Wednesday, September 22, 2010

One person CAN make a difference

     So there I was, at the orientation for the kid's new school looking lost as ever, if I had passed a mirror I probably would have seen a sign on my forehead attesting to the fact that I was new and had no clue about what I was doing or where I should go.  There were a few who pointed me in this direction or that direction and plenty who offered a welcome or kind word...but there was one who sought me out even after orientation was over and extended an invitation...

     Since that first invitation there have been many others as this one continued to extend herself in order to make me feel welcome and less overwhelmed with all that was new and sometimes confusing.  From practical things like how to find places and where to park, to more personal things like a cook-out at her home and lunch out, she was a known face in a sea of many who sought me out and made me feel like I didn't have to figure out everthing on my own.

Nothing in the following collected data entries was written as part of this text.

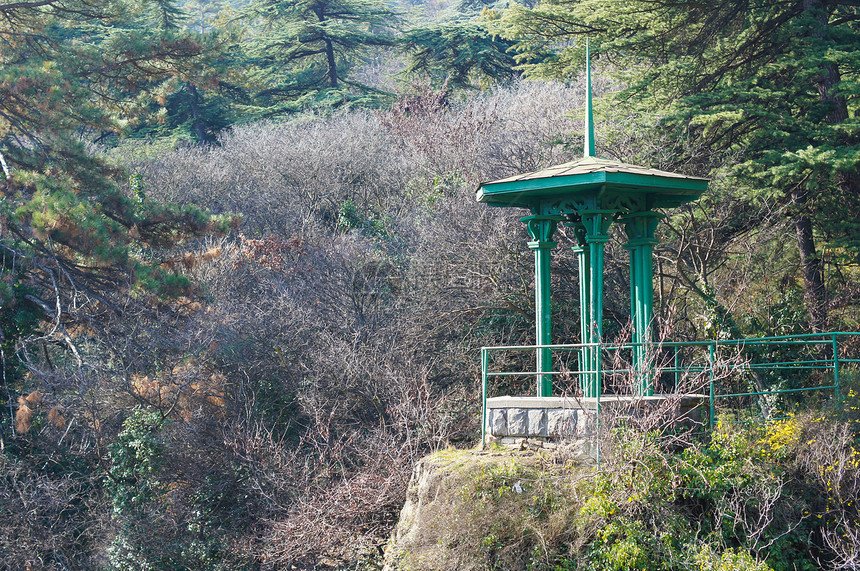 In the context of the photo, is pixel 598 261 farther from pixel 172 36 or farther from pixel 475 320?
pixel 172 36

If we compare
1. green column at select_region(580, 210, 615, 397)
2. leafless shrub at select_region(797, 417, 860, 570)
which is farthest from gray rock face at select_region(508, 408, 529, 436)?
leafless shrub at select_region(797, 417, 860, 570)

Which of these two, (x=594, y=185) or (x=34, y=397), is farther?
(x=34, y=397)

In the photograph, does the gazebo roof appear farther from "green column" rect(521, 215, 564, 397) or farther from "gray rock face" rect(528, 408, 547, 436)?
"gray rock face" rect(528, 408, 547, 436)

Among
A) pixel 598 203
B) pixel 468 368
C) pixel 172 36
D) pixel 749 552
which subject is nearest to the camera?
pixel 749 552

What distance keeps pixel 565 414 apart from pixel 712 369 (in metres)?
1.55

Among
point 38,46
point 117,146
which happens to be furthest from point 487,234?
point 117,146

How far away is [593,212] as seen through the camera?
9164 millimetres

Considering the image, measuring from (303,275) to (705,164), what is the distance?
8.72m

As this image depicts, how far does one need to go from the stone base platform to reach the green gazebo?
0.47 metres

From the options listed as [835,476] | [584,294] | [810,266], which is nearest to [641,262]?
[584,294]

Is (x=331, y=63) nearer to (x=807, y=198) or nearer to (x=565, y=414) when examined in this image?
(x=807, y=198)

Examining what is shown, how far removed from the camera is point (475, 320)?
50.3 feet

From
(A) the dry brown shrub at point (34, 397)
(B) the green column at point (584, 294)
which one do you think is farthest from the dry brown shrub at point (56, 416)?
(B) the green column at point (584, 294)

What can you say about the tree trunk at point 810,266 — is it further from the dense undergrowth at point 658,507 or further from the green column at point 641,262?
the dense undergrowth at point 658,507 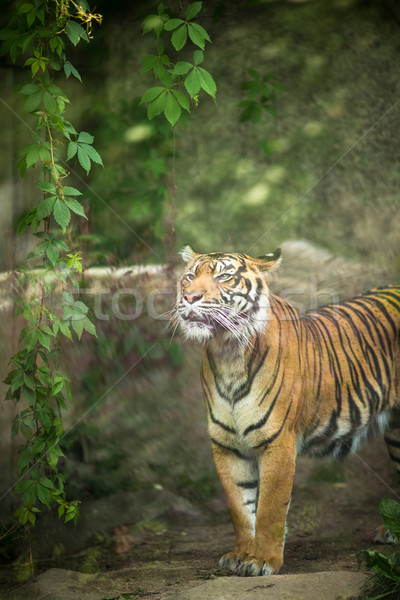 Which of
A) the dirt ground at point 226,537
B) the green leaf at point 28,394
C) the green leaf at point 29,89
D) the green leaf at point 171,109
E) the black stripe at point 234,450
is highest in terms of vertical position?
the green leaf at point 29,89

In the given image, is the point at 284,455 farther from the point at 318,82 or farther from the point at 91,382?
the point at 318,82

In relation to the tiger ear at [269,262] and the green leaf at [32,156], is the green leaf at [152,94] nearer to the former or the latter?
the green leaf at [32,156]

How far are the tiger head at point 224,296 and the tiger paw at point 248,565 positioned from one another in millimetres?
1059

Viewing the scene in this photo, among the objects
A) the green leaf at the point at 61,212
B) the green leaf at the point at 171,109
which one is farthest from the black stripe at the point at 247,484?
the green leaf at the point at 171,109

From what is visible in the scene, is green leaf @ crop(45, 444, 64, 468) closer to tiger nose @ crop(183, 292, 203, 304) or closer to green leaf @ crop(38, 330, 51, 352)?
green leaf @ crop(38, 330, 51, 352)

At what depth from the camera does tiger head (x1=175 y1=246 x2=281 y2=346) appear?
3320mm

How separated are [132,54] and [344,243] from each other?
188cm

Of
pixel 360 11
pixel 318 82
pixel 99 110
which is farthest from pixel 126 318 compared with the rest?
pixel 360 11

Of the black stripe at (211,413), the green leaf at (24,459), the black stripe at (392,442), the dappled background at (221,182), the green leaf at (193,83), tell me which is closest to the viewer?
the green leaf at (24,459)

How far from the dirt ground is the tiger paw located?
0.11 meters

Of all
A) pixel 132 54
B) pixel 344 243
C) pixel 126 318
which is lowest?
pixel 126 318

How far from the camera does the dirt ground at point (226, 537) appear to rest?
3.44m

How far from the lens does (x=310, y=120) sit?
4367 mm

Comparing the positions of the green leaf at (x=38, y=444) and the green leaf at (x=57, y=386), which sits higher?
the green leaf at (x=57, y=386)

    Her sacrifice, and I do believe she made a sacrifice of her own comfort for the chance of making me more comfortable, will be one in which is first and foremost on my mind when I find myself at orientation next year.  Hopefully, not so lost and not so clueless, I'll be able to reach out to another with the same "sign" on her forehead as this one did for me and help her to see that feeling at "home" in a new place is closer than she thinks.  Thank you Sondra. :-)

     There is One who made the ultimate sacrifice for us.  Laying down His own comfort, His own life even, so that we could spend eternity at "home" with Him.  He too extends an invitation to us.  I was blessed with the reminder, on a human level, of just how big a difference ONE can make. 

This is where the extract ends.